SPEAKER_00So when I was doing hair, so I have I have two children, I've been in this industry for 16 years now. I realized there was like a limit of the people that I could connect with. And there was a limit also to what my body could do as I got older. And I've always been someone that had really big dreams and looked for like the big picture of things. And in thinking that, I thought if I can open my salon and I can have my hand and my heart right now into 200 people, well, then we can turn that into thousands of people. You know, if I make sure that our mission is what I want it to be, then we can make a difference at even more of an impact, me with my team, us with our community.

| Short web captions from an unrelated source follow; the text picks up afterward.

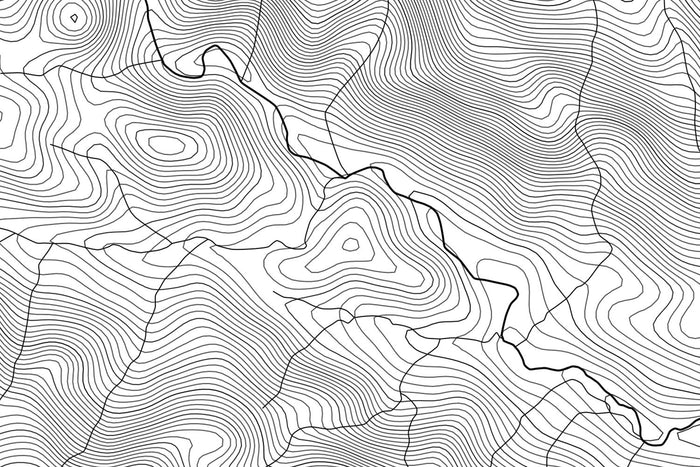 Estes Park Topographic Map Art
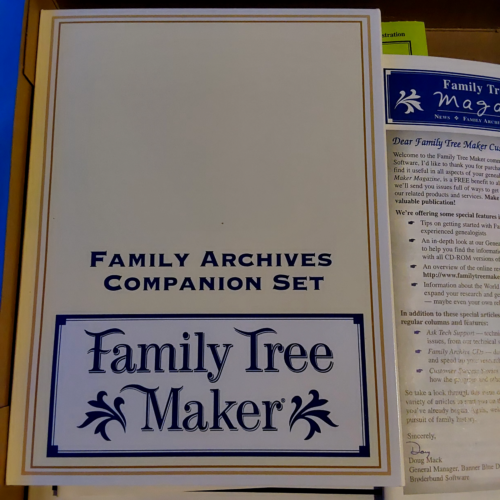 Family Tree Maker Version 5 10-CD Gift Set PC WIN 95/98 Broderbund NEW - Picture 4 of 13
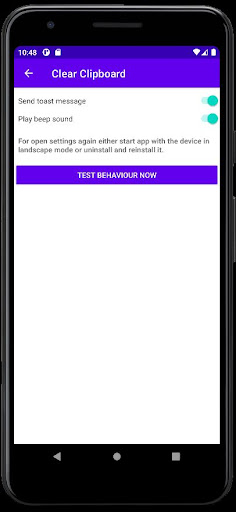 Android application Clear Clipboard screenshort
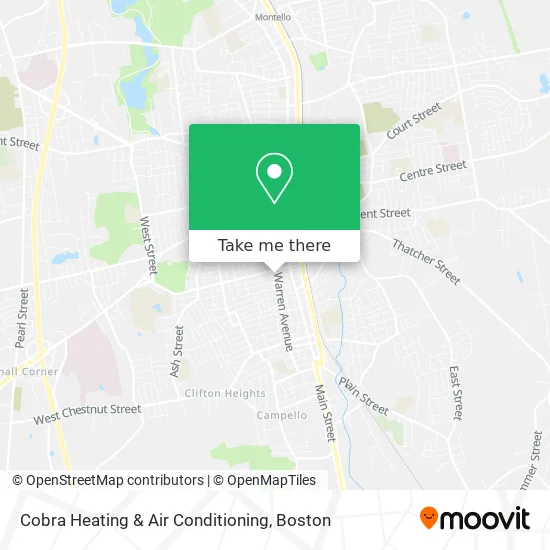 Cobra Heating & Air Conditioning map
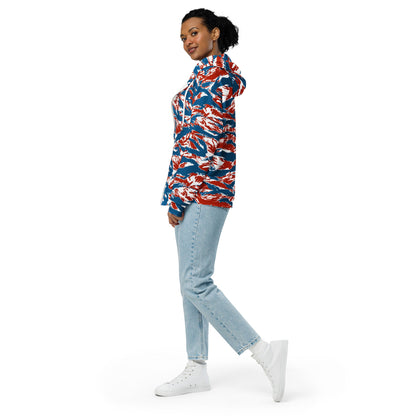 American Patriot Tiger Stripe CAMO Unisex Zip Hoodie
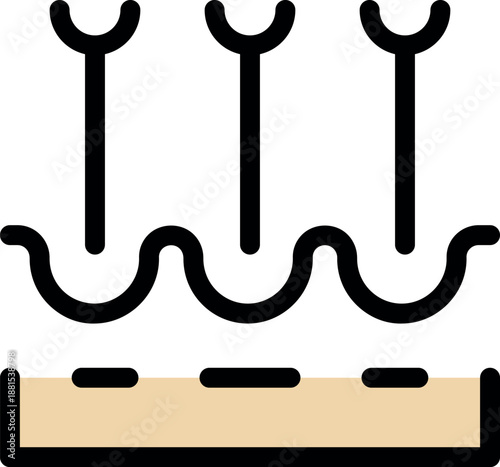 Epilation process removing hair follicle from skin layer, using electric device for permanent hair removal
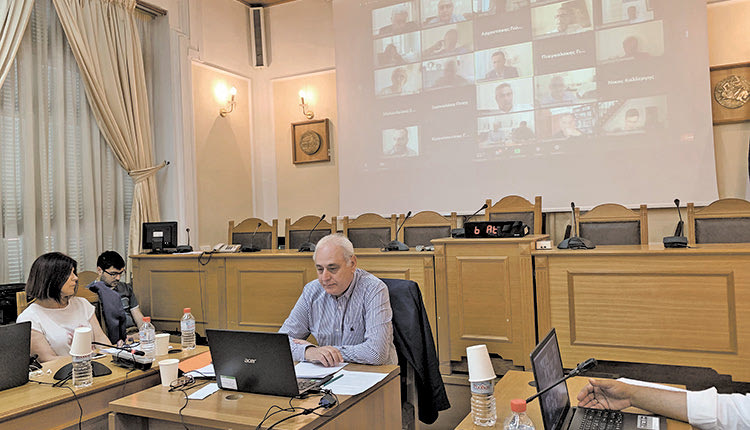 στο Περιφερειακό Συμβούλιο που πραγματοποιήθηκε με τηλεδιάσκεψη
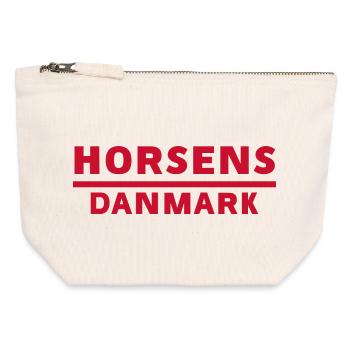 Horsens Dänemark Stadt Motiv - Canvas Reißverschluss-Täschchen (12 x 13 cm) - Naturweiß - Vorne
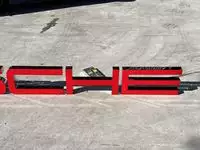 Large 3.5m Illuminated Porsche-Style Outdoor Dealership Sign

And then from there, you know, from even the smallest part of it, thinking about if we're the place that people go to, that they feel that they can actually relax, that they can actually be taken care of, feel safe and let their nervous system calm down and let their walls come down, then maybe that's the only place they have that month. You never know. You don't know what everyone's home life is like or what actually goes on behind the scenes. So if we can have a great place like that, then it's making a small difference planting seeds. And even if it doesn't return to me, it's gonna return somehow in the legacy of other people. Okay. Beautiful.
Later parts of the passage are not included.